The other day I was wandering around my neighbourhood listening to pre-his mother dying-era Kanye and feeling exuberantly happy about basically nothing. I don’t really know how not to be happy anymore. Even when I'm sad, I'm still happy underneath, and I don't feel like I can't touch it. I thought, “I wish Kanye could be happy again." I wish he would make music that’s exactly the same amount of intense and aggro as it is right now, only happy at the same time. That’s my vibe, my "happy person on a bender" vibe. I don’t see any reason in the world why being a naturally aggro & intense person should prohibit either Kanye or John Lennon or myself from being very happy. I wish I could communicate this to Kanye somehow.
        Shea Stadium Playing Organ With His Elbows John is my Ego Ideal of the “intense & aggro & happy at the same time” concept in serious action. He’s having so much fucking fun, and he’s taking the fun he’s having very seriously. There’s no rule saying that fun has to be light-hearted, you know. Shea Stadium Playing Organ With His Elbows John knows. He is having some very heavy fun. Heavy Fun. That’s the name of the new band I just started with SSPOWHE-John in my head. John’s on elbow-organ, and I'm a hot inept bass player like Stuart Sutcliffe or Paul Simonon. We both sing. Every song on our first album Heavy Fun is called Heavy Fun. It's so good.



There’s a part in The Beatles Anthology where Ringo talks about SSPOWHEJ in a really judgy, negative way. He’s all “John just… lost it,” or something, and his face looks so somber, like he actually believes John Lennon went insane and it's problematic, and it’s just like, “Ewwww, congratulations on being so emotionally unintelligent & misreading the hell out of that situation, Ringo,” and then it cuts to a clip of John Lennon talking about his Shea Sadium Playing Organ With His Elbows self, and he’s gorgeously self-celebratory, he says, “George couldn’t play for laughing,” and it’s kind of braggy, you can tell making George laugh made him feel so cool about himself.

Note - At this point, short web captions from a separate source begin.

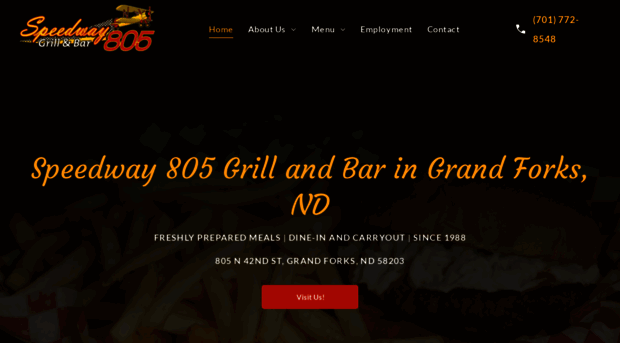 speedwaygrillandbar.com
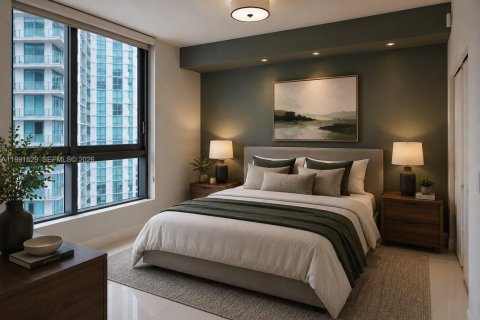 Copropriété à vendre à Miami, Floride: 2 chambres, 103.49 m2 № 2334589 - photo 12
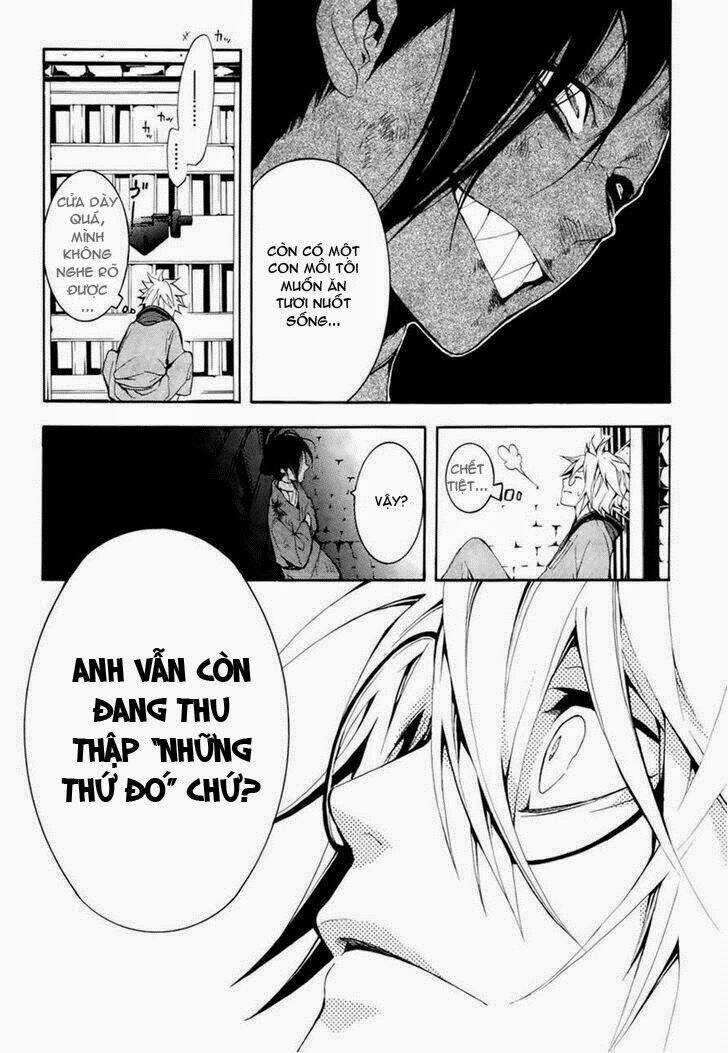 Donten ni Warau Chapter 9 trang 22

John Lennon is my hero and all I want is for my hero to be happy but he’s dead and so is stuck being emotionally neutral eternally. I wish I had some iota of control over what John’s death-state was like so I could trap him inside that moment forever. Shea Stadium Playing Organ With His Elbows John is the hottest John ever because he’s also the happiest John ever. I’m so bored of finding brooding people sexy. Happiness is hot.

3 comments:

  1. #1 Nothing I love MORE than when ya'll is taking about the Beatles or any one of them alone.
    #2 Also, yeah judging them on their hotness.
    #3 There is no sexy rock anymore. I'm sorry. But guess what!? THERE IS SO MUCH SEXY R&B AND HIP HOP! HURRAY!
    <3333

    ReplyDelete
  2. yess i second what andrea said, SO much sexy r&b and hip hop...

    also yes, happiness IS hot!!!

    ReplyDelete
  3. I am here for the pastel Henleys in eight colours! What was the Zara of 1968, does anyone know? And more importantly, is Zara making pastel Henleys in honour of the release of Get Back? They should be!